Well, there’s a lot to it but I’ll try to answer at least some of your questions.
Basically, a move from one architecture to the other is difficult because of the lack of compatibility. Most code base is not platform-independent, meaning, you usually need to invest a huge amount of effort into porting it. This is one of the reasons why Apple puts so much pressure on the developers to use the official API and Swift. Having that done, it’s Apples job to make those two work on whatever system they wish, and the developers usually need some minor adjustments in order to make their products work on another kind of system.
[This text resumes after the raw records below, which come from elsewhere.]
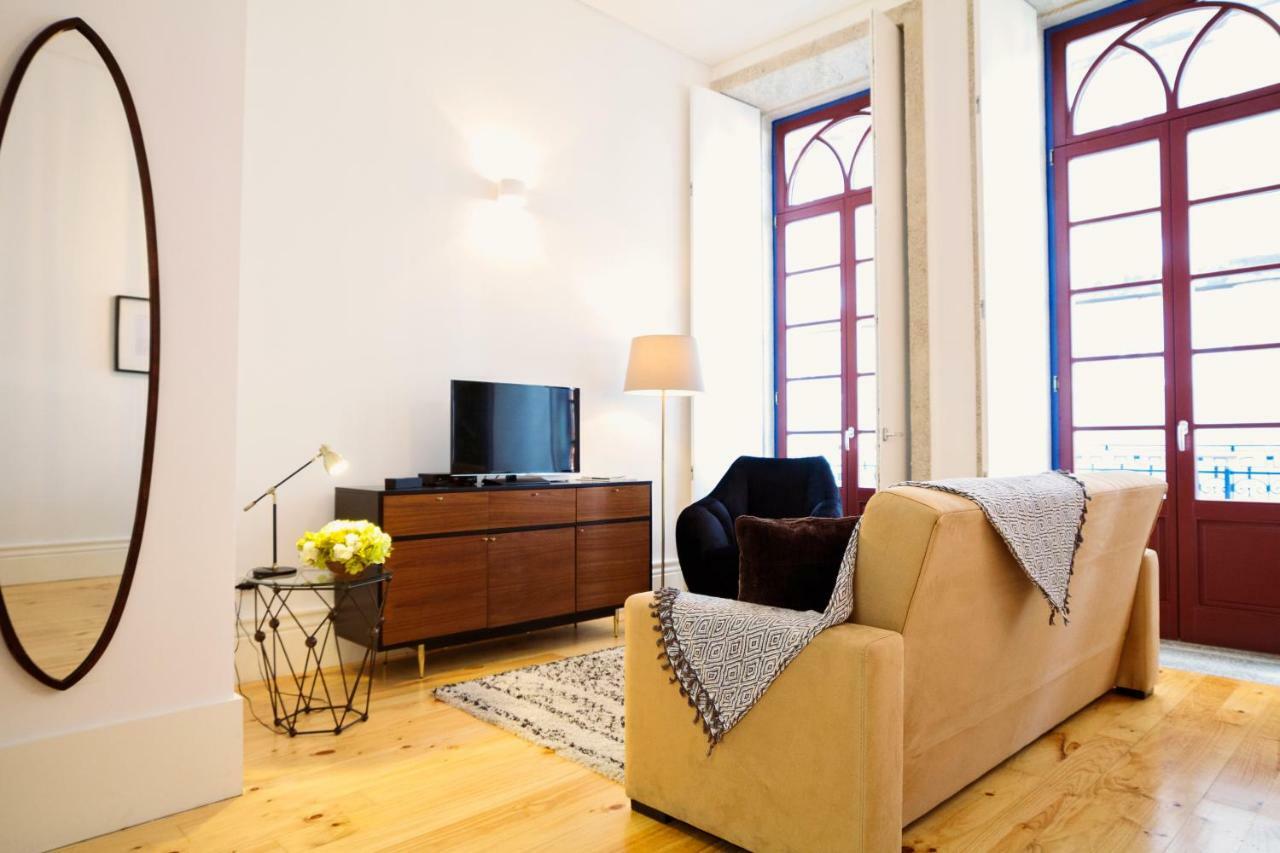 Apartament Aliados Town Hall Porto Zewnętrze zdjęcie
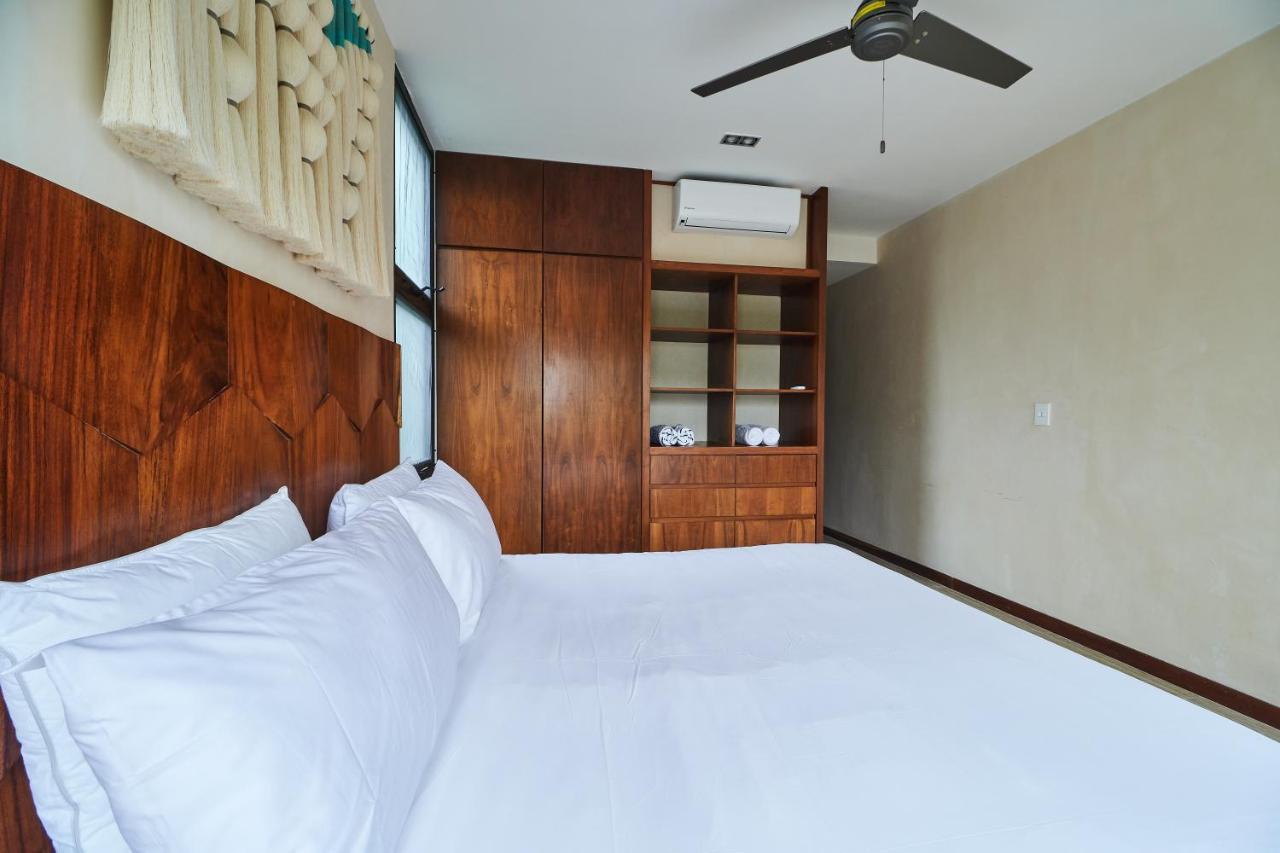 Private Pool And Rooftop In Aldea Zama, 24 7 Security In A Gated Community 15 تولوم المظهر الخارجي الصورة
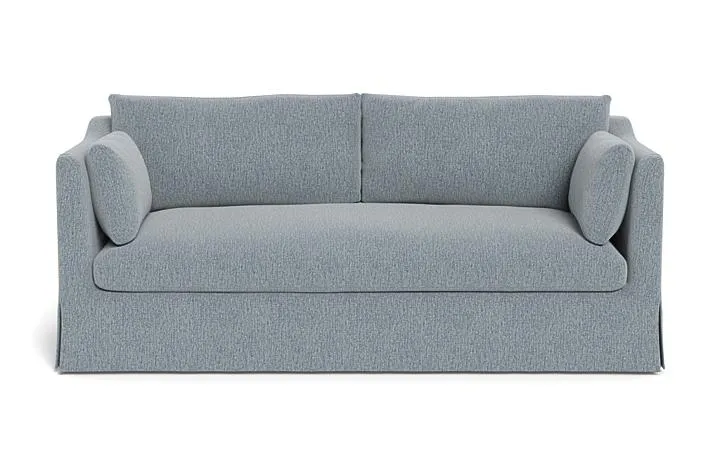 Caitlin Slipcovered 2-Seat Sofa by The EverygirlÃ?Â®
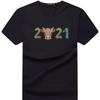 Übergroßes beliebtes Kurzarm-T-Shirt für dicke Männer Sommerkleidung für dicke Männer Übergröße V-Ausschnitt T-Shirt Top XXXXXL
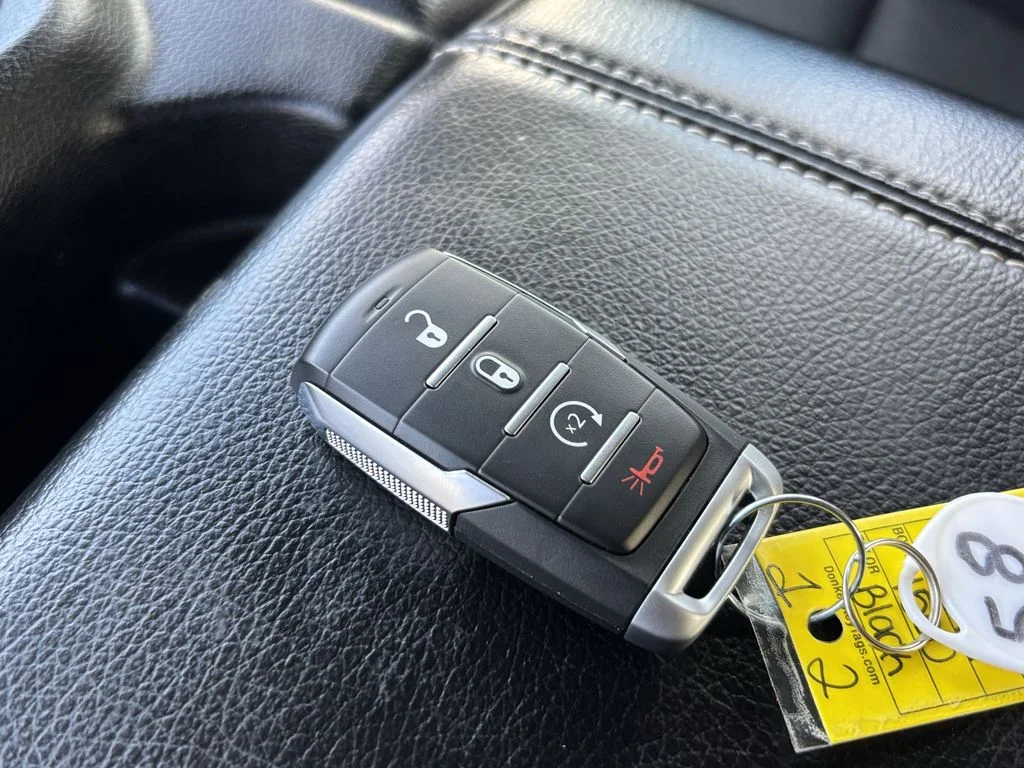 2021 RAM Ram 1500 Pickup Laramie - Photo 36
The electrons flow with the speed of light (well, close to it), so this isn’t an issue. However, space is one of them. You can make the transistors and other elements as small as the current technology allows for. And don’t forget, you need to connect them as well. Obviously, the more of them there are, the more potential heat will be generated (transistors in a CPU don’t consume any power if they don’t “work,” only the switching process requires energy, however, you do want them to work, otherwise, why would you put them there
)
That’s a whole other story. One issue is the process of how you “draw” your design on a silicon wafer. It uses light to project it onto a wafer first. And if you want to make a transistor smaller, you also need to create a proper light source with a shorter wavelength, which gets more and more complicated as the length decreases.
There’s also another, more important issue here: quantum tunneling, which I would recommend you to read about it as it’s pretty complex but also, very interesting. Basically, as the connections are getting smaller, there’s a bigger chance for the electrons to overcome the potential barrier between circuits even though they are electrically insulated. It’s a little like a short circuit.
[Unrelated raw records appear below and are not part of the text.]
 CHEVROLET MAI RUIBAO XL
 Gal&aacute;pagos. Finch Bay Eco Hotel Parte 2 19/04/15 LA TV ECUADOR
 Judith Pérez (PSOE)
Size and space is one of them, as I’ve explained above, the cost is another. You also need to have an OS that is sophisticated enough to spread load between the cores effectively, as it doesn’t happen on the CPU level. And your software has to allow for parallel processing as well. So, if most of your programs use linear processing, you won’t benefit from that at all. Unless you run a huge number of different ones at the same time.
You also have to remember that even though you have multiple cores, you still share many other elements like system buses and memory, access to which has to be synchronized in order to make sure that data stays consistent. And it costs a lot of time.
I hope this puts some more light on those issues.